** Data for the task **
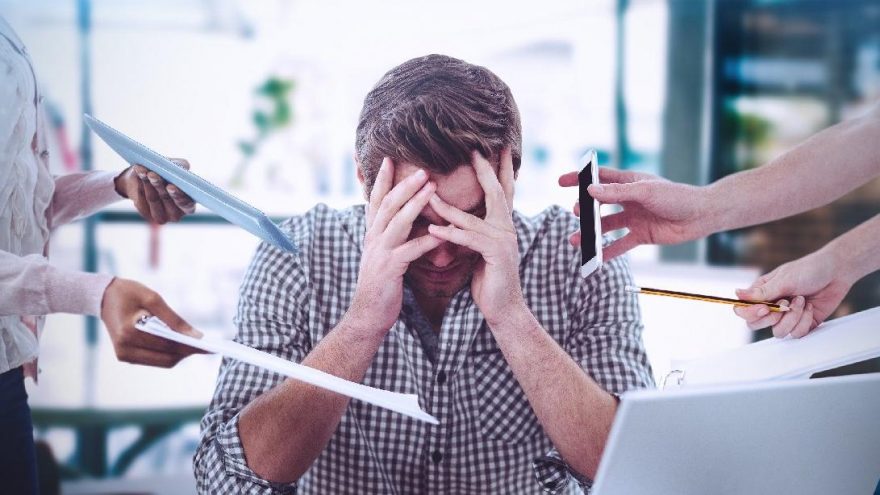 Çalışanlarda stres ve depresyon önümüzdeki 5 yılda artacak!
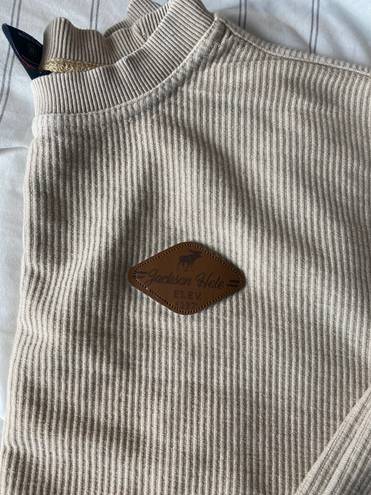 Jackson Light Weight  Hole Sweatshirt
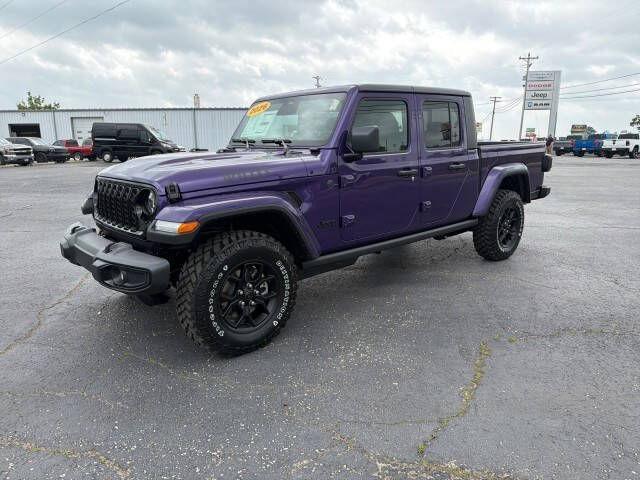 2026 Jeep Gladiator Willys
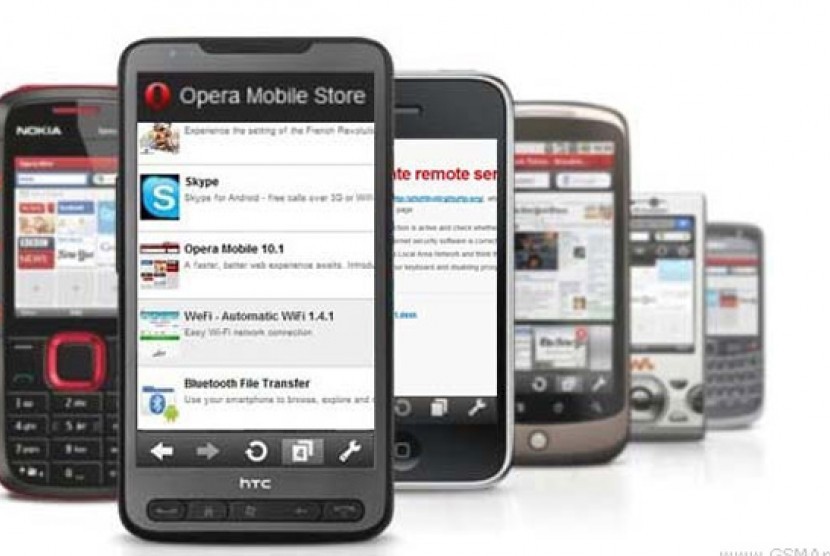 Opera Mobile Store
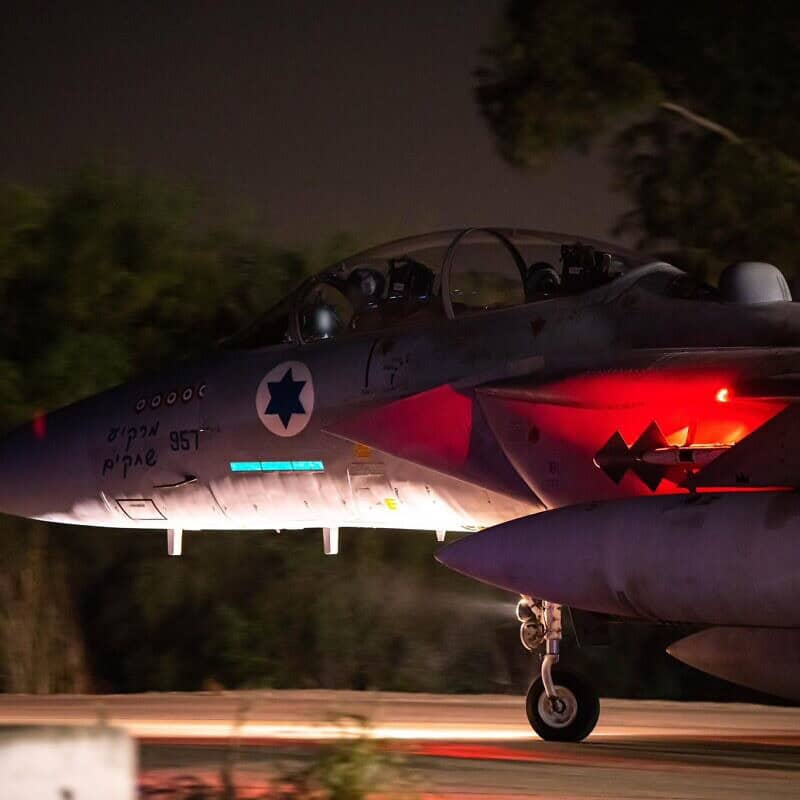 In pictures IDF strikes Iran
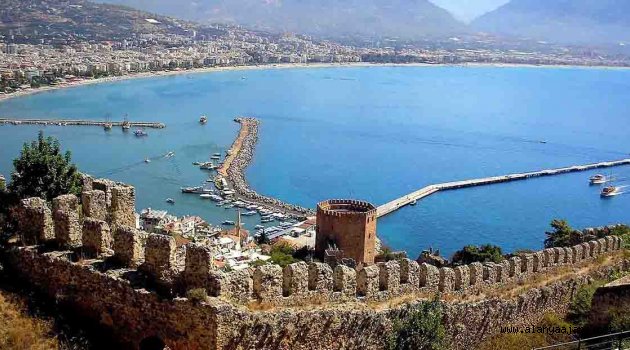 Alanya'da bugün hava nasıl olacak?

** Assignment **
Your reply should hold every line above exactly as written and none of the pictures.

** Answer for this exercise **
 Çalışanlarda stres ve depresyon önümüzdeki 5 yılda artacak!
 Jackson Light Weight  Hole Sweatshirt
 2026 Jeep Gladiator Willys
 Opera Mobile Store
 In pictures IDF strikes Iran
 Alanya'da bugün hava nasıl olacak?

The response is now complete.